Write each record again exactly as it stands.

--- Data excerpts Enclosed Below ---

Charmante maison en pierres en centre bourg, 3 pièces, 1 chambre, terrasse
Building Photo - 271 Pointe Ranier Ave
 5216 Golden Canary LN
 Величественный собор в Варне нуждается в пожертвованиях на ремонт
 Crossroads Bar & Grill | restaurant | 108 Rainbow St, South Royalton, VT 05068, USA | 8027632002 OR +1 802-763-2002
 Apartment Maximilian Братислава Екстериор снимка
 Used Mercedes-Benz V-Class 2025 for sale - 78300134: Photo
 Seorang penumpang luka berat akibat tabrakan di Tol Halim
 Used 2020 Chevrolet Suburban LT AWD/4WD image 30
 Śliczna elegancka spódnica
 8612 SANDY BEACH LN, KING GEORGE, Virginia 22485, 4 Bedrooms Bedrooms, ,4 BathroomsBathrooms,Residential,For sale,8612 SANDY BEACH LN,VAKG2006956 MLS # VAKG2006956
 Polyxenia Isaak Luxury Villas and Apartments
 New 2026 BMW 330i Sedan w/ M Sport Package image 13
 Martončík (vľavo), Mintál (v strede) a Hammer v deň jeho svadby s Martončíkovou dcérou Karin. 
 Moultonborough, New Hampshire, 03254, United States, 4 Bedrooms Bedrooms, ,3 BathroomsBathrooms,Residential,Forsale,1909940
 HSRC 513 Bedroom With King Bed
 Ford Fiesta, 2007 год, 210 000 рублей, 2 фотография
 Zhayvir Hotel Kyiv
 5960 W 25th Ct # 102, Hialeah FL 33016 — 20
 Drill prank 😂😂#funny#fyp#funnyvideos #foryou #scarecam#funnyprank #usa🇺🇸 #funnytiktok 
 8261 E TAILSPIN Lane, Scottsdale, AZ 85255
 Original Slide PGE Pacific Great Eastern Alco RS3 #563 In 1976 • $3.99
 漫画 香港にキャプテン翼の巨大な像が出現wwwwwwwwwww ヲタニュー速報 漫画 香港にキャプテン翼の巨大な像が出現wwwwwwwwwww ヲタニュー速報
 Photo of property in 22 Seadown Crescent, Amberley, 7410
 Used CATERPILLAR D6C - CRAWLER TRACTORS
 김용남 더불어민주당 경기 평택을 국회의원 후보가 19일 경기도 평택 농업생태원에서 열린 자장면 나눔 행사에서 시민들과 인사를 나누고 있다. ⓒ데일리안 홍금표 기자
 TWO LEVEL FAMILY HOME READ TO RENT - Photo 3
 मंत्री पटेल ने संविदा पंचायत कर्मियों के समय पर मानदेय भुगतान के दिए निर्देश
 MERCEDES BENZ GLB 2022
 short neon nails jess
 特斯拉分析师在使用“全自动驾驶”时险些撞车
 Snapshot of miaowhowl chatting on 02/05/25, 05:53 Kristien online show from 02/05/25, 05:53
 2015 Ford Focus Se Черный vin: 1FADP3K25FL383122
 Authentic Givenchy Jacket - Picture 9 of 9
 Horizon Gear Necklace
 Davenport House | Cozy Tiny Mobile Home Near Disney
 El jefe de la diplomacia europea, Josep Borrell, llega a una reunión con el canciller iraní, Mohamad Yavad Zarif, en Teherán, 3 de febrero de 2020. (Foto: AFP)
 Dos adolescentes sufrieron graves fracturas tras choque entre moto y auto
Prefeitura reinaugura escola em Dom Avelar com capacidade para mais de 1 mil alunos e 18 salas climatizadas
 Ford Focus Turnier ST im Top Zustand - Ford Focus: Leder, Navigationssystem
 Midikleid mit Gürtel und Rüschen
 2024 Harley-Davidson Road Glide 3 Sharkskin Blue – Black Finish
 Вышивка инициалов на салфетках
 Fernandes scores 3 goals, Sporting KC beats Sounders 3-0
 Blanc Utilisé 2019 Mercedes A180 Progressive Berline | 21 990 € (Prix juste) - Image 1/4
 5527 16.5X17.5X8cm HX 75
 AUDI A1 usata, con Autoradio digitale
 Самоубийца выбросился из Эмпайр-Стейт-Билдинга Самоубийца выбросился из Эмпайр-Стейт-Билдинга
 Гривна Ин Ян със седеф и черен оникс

--- End of Enclosed Data excerpts ---

▶ [Answer for the task]:
Charmante maison en pierres en centre bourg, 3 pièces, 1 chambre, terrasse
Building Photo - 271 Pointe Ranier Ave
 5216 Golden Canary LN
 Величественный собор в Варне нуждается в пожертвованиях на ремонт
 Crossroads Bar & Grill | restaurant | 108 Rainbow St, South Royalton, VT 05068, USA | 8027632002 OR +1 802-763-2002
 Apartment Maximilian Братислава Екстериор снимка
 Used Mercedes-Benz V-Class 2025 for sale - 78300134: Photo
 Seorang penumpang luka berat akibat tabrakan di Tol Halim
 Used 2020 Chevrolet Suburban LT AWD/4WD image 30
 Śliczna elegancka spódnica
 8612 SANDY BEACH LN, KING GEORGE, Virginia 22485, 4 Bedrooms Bedrooms, ,4 BathroomsBathrooms,Residential,For sale,8612 SANDY BEACH LN,VAKG2006956 MLS # VAKG2006956
 Polyxenia Isaak Luxury Villas and Apartments
 New 2026 BMW 330i Sedan w/ M Sport Package image 13
 Martončík (vľavo), Mintál (v strede) a Hammer v deň jeho svadby s Martončíkovou dcérou Karin. 
 Moultonborough, New Hampshire, 03254, United States, 4 Bedrooms Bedrooms, ,3 BathroomsBathrooms,Residential,Forsale,1909940
 HSRC 513 Bedroom With King Bed
 Ford Fiesta, 2007 год, 210 000 рублей, 2 фотография
 Zhayvir Hotel Kyiv
 5960 W 25th Ct # 102, Hialeah FL 33016 — 20
 Drill prank 😂😂#funny#fyp#funnyvideos #foryou #scarecam#funnyprank #usa🇺🇸 #funnytiktok 
 8261 E TAILSPIN Lane, Scottsdale, AZ 85255
 Original Slide PGE Pacific Great Eastern Alco RS3 #563 In 1976 • $3.99
 漫画 香港にキャプテン翼の巨大な像が出現wwwwwwwwwww ヲタニュー速報 漫画 香港にキャプテン翼の巨大な像が出現wwwwwwwwwww ヲタニュー速報
 Photo of property in 22 Seadown Crescent, Amberley, 7410
 Used CATERPILLAR D6C - CRAWLER TRACTORS
 김용남 더불어민주당 경기 평택을 국회의원 후보가 19일 경기도 평택 농업생태원에서 열린 자장면 나눔 행사에서 시민들과 인사를 나누고 있다. ⓒ데일리안 홍금표 기자
 TWO LEVEL FAMILY HOME READ TO RENT - Photo 3
 मंत्री पटेल ने संविदा पंचायत कर्मियों के समय पर मानदेय भुगतान के दिए निर्देश
 MERCEDES BENZ GLB 2022
 short neon nails jess
 特斯拉分析师在使用“全自动驾驶”时险些撞车
 Snapshot of miaowhowl chatting on 02/05/25, 05:53 Kristien online show from 02/05/25, 05:53
 2015 Ford Focus Se Черный vin: 1FADP3K25FL383122
 Authentic Givenchy Jacket - Picture 9 of 9
 Horizon Gear Necklace
 Davenport House | Cozy Tiny Mobile Home Near Disney
 El jefe de la diplomacia europea, Josep Borrell, llega a una reunión con el canciller iraní, Mohamad Yavad Zarif, en Teherán, 3 de febrero de 2020. (Foto: AFP)
 Dos adolescentes sufrieron graves fracturas tras choque entre moto y auto
Prefeitura reinaugura escola em Dom Avelar com capacidade para mais de 1 mil alunos e 18 salas climatizadas
 Ford Focus Turnier ST im Top Zustand - Ford Focus: Leder, Navigationssystem
 Midikleid mit Gürtel und Rüschen
 2024 Harley-Davidson Road Glide 3 Sharkskin Blue – Black Finish
 Вышивка инициалов на салфетках
 Fernandes scores 3 goals, Sporting KC beats Sounders 3-0
 Blanc Utilisé 2019 Mercedes A180 Progressive Berline | 21 990 € (Prix juste) - Image 1/4
 5527 16.5X17.5X8cm HX 75
 AUDI A1 usata, con Autoradio digitale
 Самоубийца выбросился из Эмпайр-Стейт-Билдинга Самоубийца выбросился из Эмпайр-Стейт-Билдинга
 Гривна Ин Ян със седеф и черен оникс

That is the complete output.